Fall Arts & Crafts Sale Coming Soon

The Friday after Thanksgiving has gained the moniker “Black Friday,” at least in the United States, because retailers look forward to brisk sales in the weeks before Christmas putting their accounts “in the black.”

The Women’s Center has its retail sights set a bit later: on Friday, December 5, which is the date for the annual

Fall Arts & Crafts Sale

9:00 a.m.

Winn Center Lounge

We are still actively seeking donations of hand-crafted items for the sale. Crafters still have plenty of time (over the long weekend, perhaps!) to complete projects and bring them to the Women’s Center, 100 White Hall, T-F 12:30-2 or by appointment. We are encouraging folks with items to donate to bring them to the Center by Thursday, December 4 at the latest, to give us time to price items before the sale.

This year, folks who browse the art and artisanal works by members of the Seminary community and others at the sale will also have an opportunity to see the film:

Until the Violence Stops
3:00-4:40 p.m.
McAtee A

Until the Violence Stops explains the reasons behind the V-Day movement that has impelled colleges and communities across the nation and the globe to stage their own productions of Eve Ensler’s The Vagina Monologues as part of the effort to end violence against women and girls. LPTS will join the cause with its own production in February, 2009.

The sale will conclude with an

Informal Reception
7:00 p.m.5:00 p.m.
Winn Center Lounge

featuring light refreshments and libations, as an encouragement to last-minute shoppers.

All proceeds from the Fall Arts & Crafts Sale go to support the Women’s Center and its programs

We hope to see you there!

Arts and Crafts Show and Sale Celebrates Women’s Heritage

Fall Arts & Crafts Show & Sale coming Dec. 5

Fall Arts & Crafts Show & Sale coming Dec. 5

One leg of the Women’s Center’s tri-partite mission* is the celebration of the gifts and achievements of women in the church and the world. That celebration sometimes seems particularly necessary, because in many cultures, including ours, conventional estimations undervalue or trivialize achievements that are tagged as being specific to women.

A recurrent example is the fate of crafts. Art historians are wont to draw the line between arts and crafts at the boundary of usefulness: art begins where meeting some determinate need ends. That means that even carefully and imaginatively designed items, lovely things, that are useful, that people might want because they fulfill some need, cannot be art by virtue of that fact alone.

[Readers who doubt me can check out Immanuel Kant’s Critique of Judgment for themselves. Kant’s influential exclusion of use-value from the definition of art still haunts the art world, even after decades of pop and po-mo.]

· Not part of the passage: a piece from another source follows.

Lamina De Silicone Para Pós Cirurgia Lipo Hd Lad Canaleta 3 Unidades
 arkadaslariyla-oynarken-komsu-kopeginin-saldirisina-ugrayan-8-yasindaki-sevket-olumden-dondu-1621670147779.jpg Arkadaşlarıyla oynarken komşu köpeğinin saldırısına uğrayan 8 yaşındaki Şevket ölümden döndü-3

Most women, for most of the time since Kant, have been occupied with the production of necessary and useful items — crafts. Only recently has such craft-work begun to be considered, even potentially, as also artistic work.

This history is part of the reason the Women’s Center continues to celebrate crafts, both their practice — by providing space for ongoing craft activities — and their product — as, once again, will happen with the Fall Arts & Crafts Show & Sale, Friday, December 5, Winn Center.

All crafters (whatever their gender) are invited to contribute items for show and sale at that event. Proceeds from the sale go to support the Women’s Center and its programs.

*That’s Educate! Advocate! Celebrate!